Brain Tumour Research Funding Debate
Full Debate: Read Full DebateMatthew Pennycook
Main Page: Matthew Pennycook (Labour - Greenwich and Woolwich)Department Debates - View all Matthew Pennycook's debates with the Department of Health and Social Care
(1 year, 8 months ago)
Commons ChamberIt is a privilege to speak in the debate. We have heard some excellent speeches. I wish Margaret all the best, and I also wish the Hopkins family all the best, because I have seen the devastation that brain cancer causes. I also lost a close family friend, Matthew Fearn, and I have seen that devastation in the Fearn family. It is horrible, because this is a horrible progressive disease.
I congratulate my hon. Friend the Member for St Ives (Derek Thomas) and the all-party group on their excellent report, which I have only just heard about and have been reading during the debate.
Brain tumour research is receiving growing support from the Government, which is welcome news, but, as we have heard, more can and should be done. Brain tumours are the biggest cancer killer of people under 40 in the UK, but most people only discover that they have a brain tumour when they turn up at A&E, as Margaret did. That is why Brain Tumour Awareness Month is so important.
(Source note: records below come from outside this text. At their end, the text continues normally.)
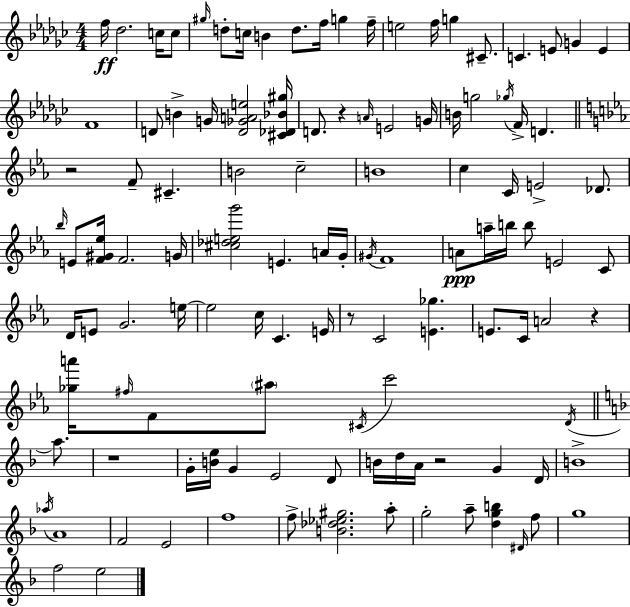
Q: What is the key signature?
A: EES minor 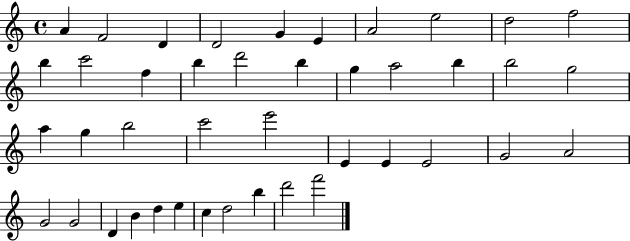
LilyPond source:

{
  \clef treble
  \time 4/4
  \defaultTimeSignature
  \key c \major
  a'4 f'2 d'4 | d'2 g'4 e'4 | a'2 e''2 | d''2 f''2 | \break b''4 c'''2 f''4 | b''4 d'''2 b''4 | g''4 a''2 b''4 | b''2 g''2 | \break a''4 g''4 b''2 | c'''2 e'''2 | e'4 e'4 e'2 | g'2 a'2 | \break g'2 g'2 | d'4 b'4 d''4 e''4 | c''4 d''2 b''4 | d'''2 f'''2 | \break \bar "|."
} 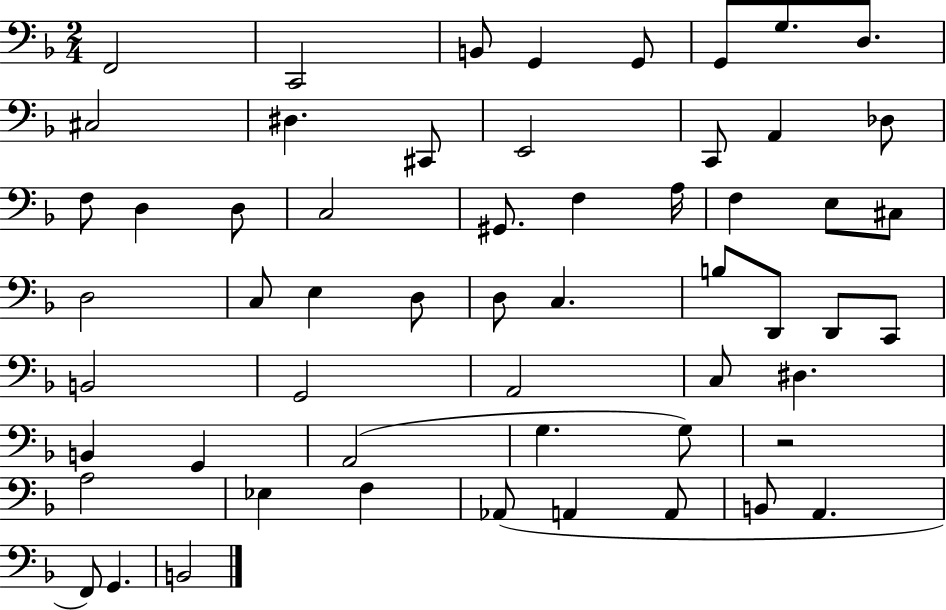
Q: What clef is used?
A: bass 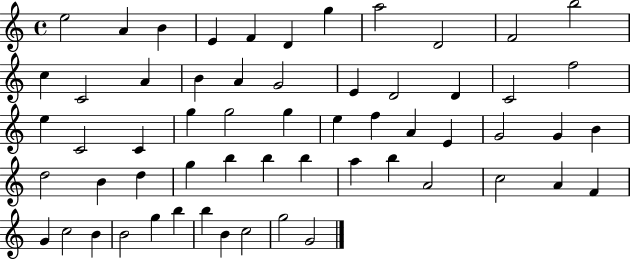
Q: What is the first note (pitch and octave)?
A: E5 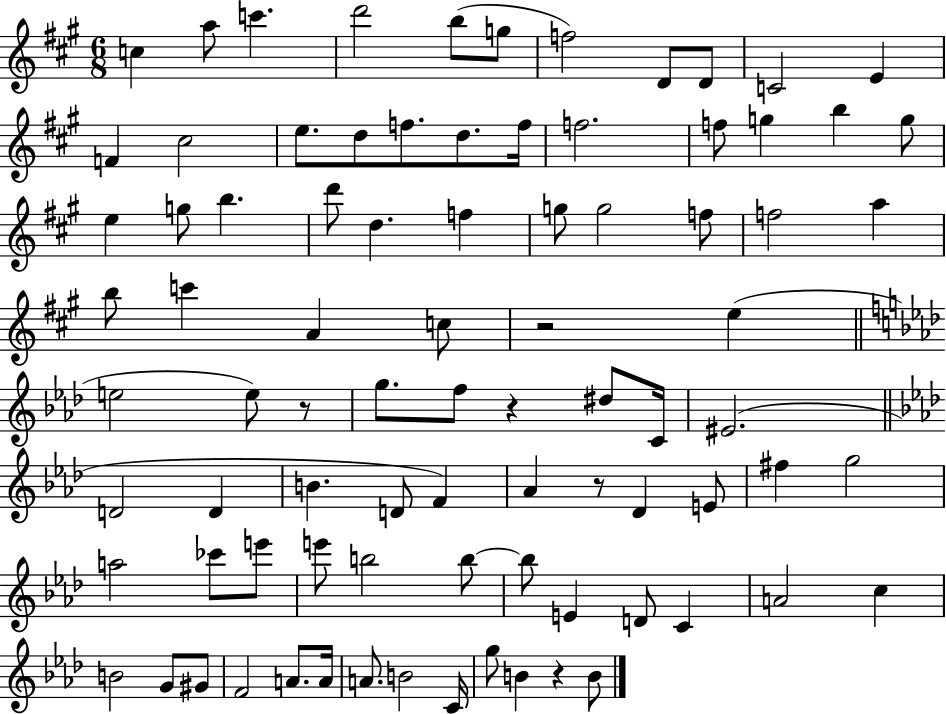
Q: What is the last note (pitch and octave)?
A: B4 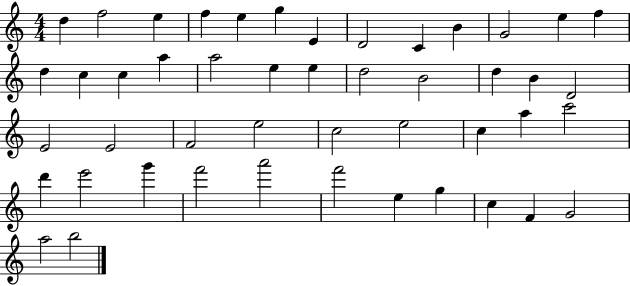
{
  \clef treble
  \numericTimeSignature
  \time 4/4
  \key c \major
  d''4 f''2 e''4 | f''4 e''4 g''4 e'4 | d'2 c'4 b'4 | g'2 e''4 f''4 | \break d''4 c''4 c''4 a''4 | a''2 e''4 e''4 | d''2 b'2 | d''4 b'4 d'2 | \break e'2 e'2 | f'2 e''2 | c''2 e''2 | c''4 a''4 c'''2 | \break d'''4 e'''2 g'''4 | f'''2 a'''2 | f'''2 e''4 g''4 | c''4 f'4 g'2 | \break a''2 b''2 | \bar "|."
} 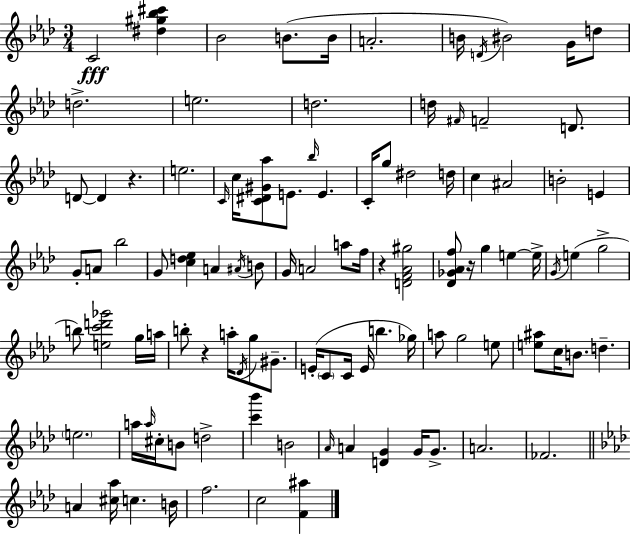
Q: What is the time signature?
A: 3/4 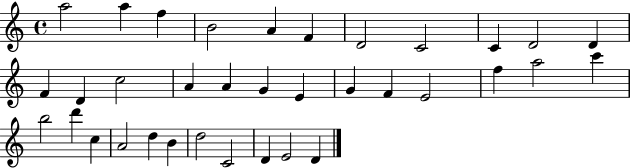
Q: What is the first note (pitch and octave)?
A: A5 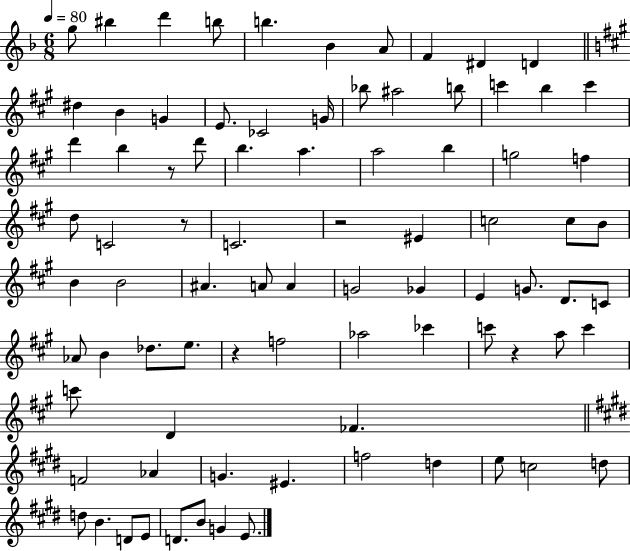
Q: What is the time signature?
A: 6/8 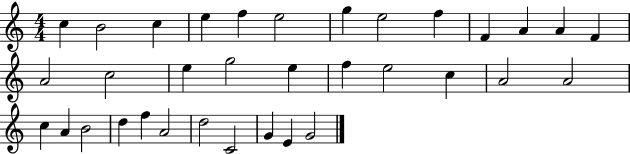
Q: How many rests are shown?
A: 0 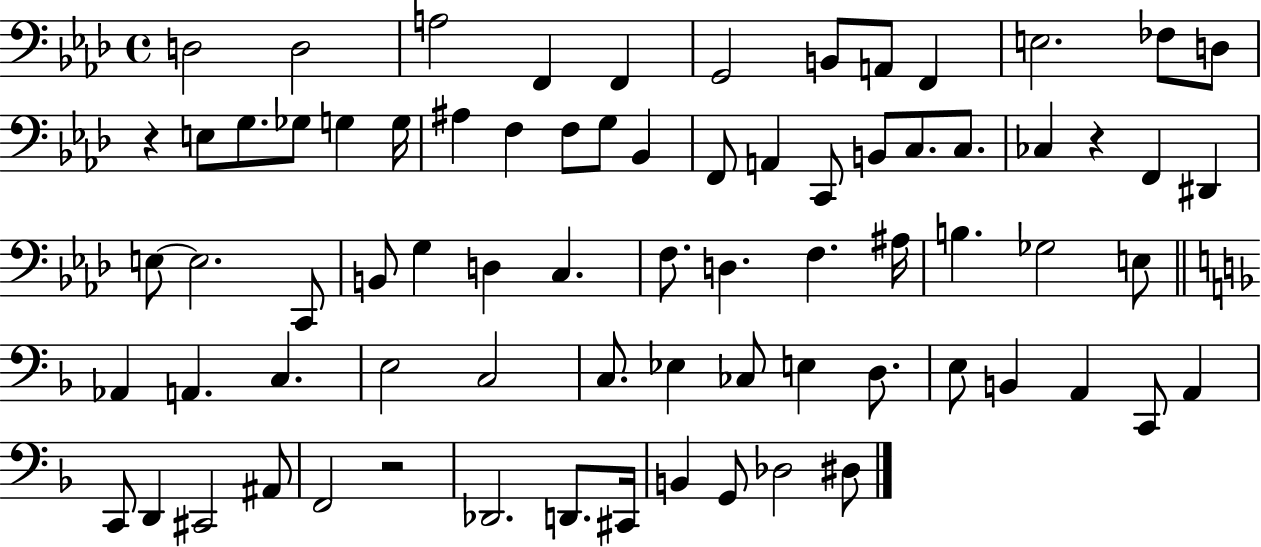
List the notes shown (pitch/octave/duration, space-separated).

D3/h D3/h A3/h F2/q F2/q G2/h B2/e A2/e F2/q E3/h. FES3/e D3/e R/q E3/e G3/e. Gb3/e G3/q G3/s A#3/q F3/q F3/e G3/e Bb2/q F2/e A2/q C2/e B2/e C3/e. C3/e. CES3/q R/q F2/q D#2/q E3/e E3/h. C2/e B2/e G3/q D3/q C3/q. F3/e. D3/q. F3/q. A#3/s B3/q. Gb3/h E3/e Ab2/q A2/q. C3/q. E3/h C3/h C3/e. Eb3/q CES3/e E3/q D3/e. E3/e B2/q A2/q C2/e A2/q C2/e D2/q C#2/h A#2/e F2/h R/h Db2/h. D2/e. C#2/s B2/q G2/e Db3/h D#3/e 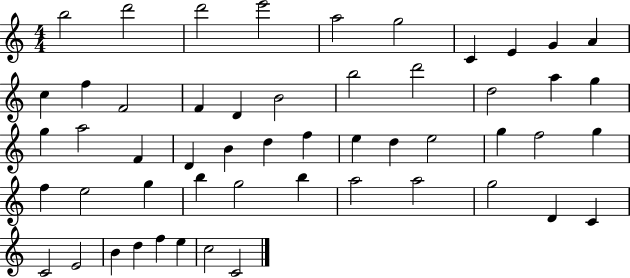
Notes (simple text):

B5/h D6/h D6/h E6/h A5/h G5/h C4/q E4/q G4/q A4/q C5/q F5/q F4/h F4/q D4/q B4/h B5/h D6/h D5/h A5/q G5/q G5/q A5/h F4/q D4/q B4/q D5/q F5/q E5/q D5/q E5/h G5/q F5/h G5/q F5/q E5/h G5/q B5/q G5/h B5/q A5/h A5/h G5/h D4/q C4/q C4/h E4/h B4/q D5/q F5/q E5/q C5/h C4/h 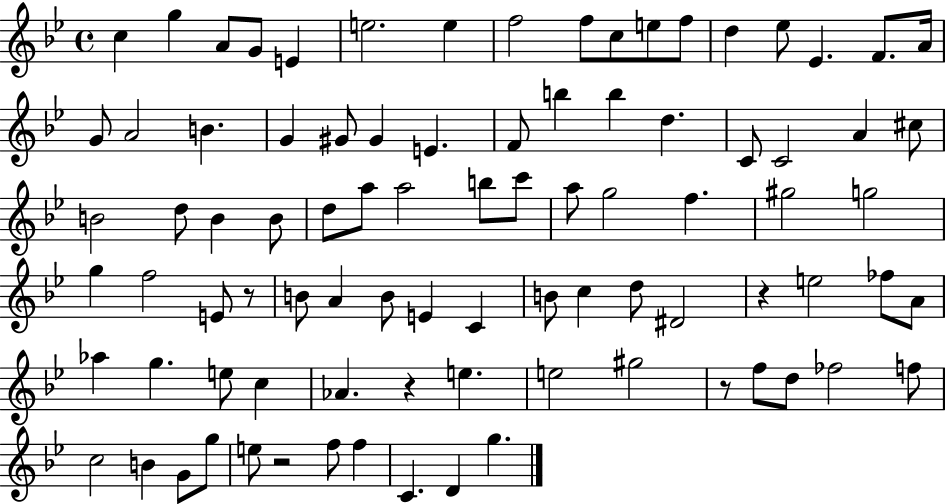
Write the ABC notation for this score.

X:1
T:Untitled
M:4/4
L:1/4
K:Bb
c g A/2 G/2 E e2 e f2 f/2 c/2 e/2 f/2 d _e/2 _E F/2 A/4 G/2 A2 B G ^G/2 ^G E F/2 b b d C/2 C2 A ^c/2 B2 d/2 B B/2 d/2 a/2 a2 b/2 c'/2 a/2 g2 f ^g2 g2 g f2 E/2 z/2 B/2 A B/2 E C B/2 c d/2 ^D2 z e2 _f/2 A/2 _a g e/2 c _A z e e2 ^g2 z/2 f/2 d/2 _f2 f/2 c2 B G/2 g/2 e/2 z2 f/2 f C D g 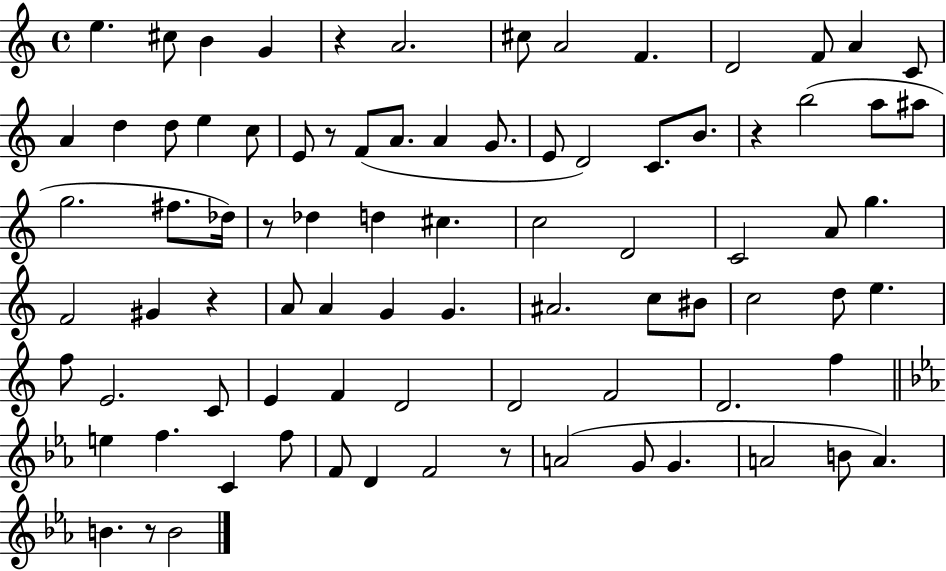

We have been talking about research funding specifically, but the hon. Lady is right: many sufferers will only find out that they have a brain tumour when they experience a significant medical event. For many others, however, the symptoms will be present for a number of weeks, if not months. Does she agree that more could be done to raise awareness, among both health professionals and those who are potentially at risk, of the common signs and symptoms of a tumour?
Absolutely. I was going to come on to that. The bad news does not stop at a late diagnosis; the effects of being diagnosed too late are devastating. The bleak reality is that the likelihood of survival for 12 months for someone diagnosed with a brain tumour in A&E is about 30%. We must do better than this for the people who are diagnosed and for their families. All the cancer charities recognise the seriousness of the situation, and I know that the Health Secretary and his colleagues do as well, but how can we improve it? How can we identify the signs earlier?
When I spoke in the debate on brain tumour research in 2016, I praised the work of Professor Geoff Pilkington at the University of Portsmouth. In 2010, the university established a centre of excellence in conjunction with the charity Brain Tumour Research. Professor Pilkington has now retired, but the work that he did made much progress, and is now being continued in other research centres funded by the charity—although, sadly, I think no longer in Portsmouth.
Historically, brain cancer has received only about 1% of the total research funding of all cancers. As we have heard, that was increased with the announcement of a £65 million boost in 2018 from both the Department of Health and Social Care and Cancer Research UK. Centres of excellence need that money, because each brain tumour is unique and needs a different treatment pathway. The biggest gaps in research seem to involve childhood cancers, although brain tumours are the most common type of cancer in children. The understandable desperation of parents—and, as we have heard, of other patients too—has led to families’ seeking treatments, often overseas, that might not always be appropriate for this specific form of cancer, or even taking treatments that are unproven.
Inevitably, how the NHS treats brain tumours will be an area where there is much pressure on more funding. The history of healthcare in this country has always been one of improved diagnosis leading to more demand for clinical facilities, and research opening more treatment pathways. All of this costs money. In areas such as proton beam therapy, while it is good that we have The Christie centre in Manchester and that the UCLH centre is being added to it, it is difficult for patients to travel to those centres, particularly if they have been disabled by a brain tumour, and that is still an area where many people have to seek private treatment.
We need to develop both an academic and a medical pathway for people at the start of their careers to focus on brain tumour work in universities and clinical settings. As the hon. Member for Mitcham and Morden (Siobhain McDonagh) said clearly in her amazing speech, we have some flagship research projects, but their existence is not as secure as that of establishments working on other cancers. One thing that could be done without costing huge amounts of money is support for early-career workers to build up institutional knowledge in the NHS, in the National Institute for Health and Care Excellence and in other guardians of healthcare, which would help to sustain a higher pace of research and development and deployment of treatments.
I end by thanking everyone for the work they are doing in this field. We are at a point where every small improvement in diagnosis and treatment makes a big difference to the lives of people with brain cancers and their families. That comes back the figure I quoted earlier about the time of diagnosis; we have to shift it much further forward from the A&E department, to give people support in dealing with a form of cancer that is so often extremely aggressive.